Aliyun PAI (4): PAI-EAS — Model Serving, Cold Starts, and the TPS Lie

EAS is where the money goes. DSW costs a few hundred RMB a month for development. DLC costs spike. EAS bills 24/7 because someone might call your endpoint, and the “minimum replica count” in the autoscaler config is the most critical setting in the entire platform. This article covers what I wish I’d known before shipping our first production endpoint.

What EAS is, per the docs#

The official “EAS overview” describes it as: “deploy trained models as online inference services or AI web applications, with heterogeneous resources, automatic scaling, one-click stress testing, canary releases, and real-time monitoring”. The two key points are:

It’s a container-runtime serving layer — your model is in OSS, your code is in a container image, EAS pulls the image, mounts OSS at startup, runs your start command, and listens on a port.
It’s autoscaled by replica count — not a serverless function model (with one important exception, see below). Replicas are real GPU pods that take 30-120 seconds to start.
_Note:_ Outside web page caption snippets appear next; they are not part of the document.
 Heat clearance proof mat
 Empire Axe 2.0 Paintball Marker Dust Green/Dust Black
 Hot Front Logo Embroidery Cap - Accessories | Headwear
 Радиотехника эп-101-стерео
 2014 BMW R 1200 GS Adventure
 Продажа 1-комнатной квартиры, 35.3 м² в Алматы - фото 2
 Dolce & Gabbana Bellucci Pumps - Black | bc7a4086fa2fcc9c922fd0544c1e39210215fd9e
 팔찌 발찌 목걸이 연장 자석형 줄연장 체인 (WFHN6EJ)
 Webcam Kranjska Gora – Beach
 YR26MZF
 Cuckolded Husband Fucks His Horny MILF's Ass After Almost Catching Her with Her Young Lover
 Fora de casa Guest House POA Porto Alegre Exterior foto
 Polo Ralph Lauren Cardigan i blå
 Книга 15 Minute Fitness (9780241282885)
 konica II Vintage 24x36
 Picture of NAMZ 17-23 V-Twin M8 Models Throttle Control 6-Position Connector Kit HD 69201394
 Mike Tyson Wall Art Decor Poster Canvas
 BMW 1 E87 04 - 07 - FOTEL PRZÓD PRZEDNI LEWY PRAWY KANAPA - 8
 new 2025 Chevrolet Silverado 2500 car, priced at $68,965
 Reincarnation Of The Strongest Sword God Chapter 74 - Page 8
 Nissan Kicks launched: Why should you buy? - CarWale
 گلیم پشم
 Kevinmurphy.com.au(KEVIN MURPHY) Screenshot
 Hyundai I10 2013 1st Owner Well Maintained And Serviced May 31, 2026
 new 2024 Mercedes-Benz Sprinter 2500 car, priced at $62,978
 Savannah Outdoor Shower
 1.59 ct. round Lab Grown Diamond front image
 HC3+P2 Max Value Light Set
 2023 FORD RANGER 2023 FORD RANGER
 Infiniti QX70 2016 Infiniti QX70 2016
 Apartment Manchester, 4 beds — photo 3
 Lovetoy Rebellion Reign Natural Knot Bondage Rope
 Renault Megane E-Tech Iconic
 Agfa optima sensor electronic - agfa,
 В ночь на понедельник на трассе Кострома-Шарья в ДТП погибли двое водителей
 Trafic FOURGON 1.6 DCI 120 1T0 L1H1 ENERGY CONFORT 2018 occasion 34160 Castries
Plan accordingly.

The request path#

The four components the docs highlight for runtime-image deployment:

Runtime image — read-only template with OS, CUDA, Python, deps. Use an official one (vllm:0.11.2-mows0.5.1, pytorch:...) or push your own to ACR.
Code and model — not in the image. They live in OSS/NAS. Decoupling them allows you to update weights without rebuilding the image.
Storage mounting — at startup, EAS FUSE-mounts the OSS path you specified to a directory inside the container, e.g. /mnt/data/.
Run command — the first command after the container starts. Typically launches your HTTP server (vllm serve /mnt/data/Qwen/Qwen3-0.6B).

Real-world tip: Bake /mnt/data/ into your code paths from day one. Do not let model paths get hardcoded to /workspace/models/. Switching from local-dev to EAS becomes a one-line config change instead of a code refactor.

Three inference modes#

The docs list three. Choose carefully — the wrong mode wastes either money or latency.

A practical guideline:

Real-time sync — chatbots, RAG retrieval, ad ranking, search. You care about p99 latency.
Async — anything that takes 5+ seconds: image-gen, video-gen, OCR-on-PDF batches. The built-in queue scales replicas based on backlog, which is the right approach for these workloads.
Batch — anything you can wait minutes for: nightly embeddings, voice transcription. Use preemptible instances and halve the cost.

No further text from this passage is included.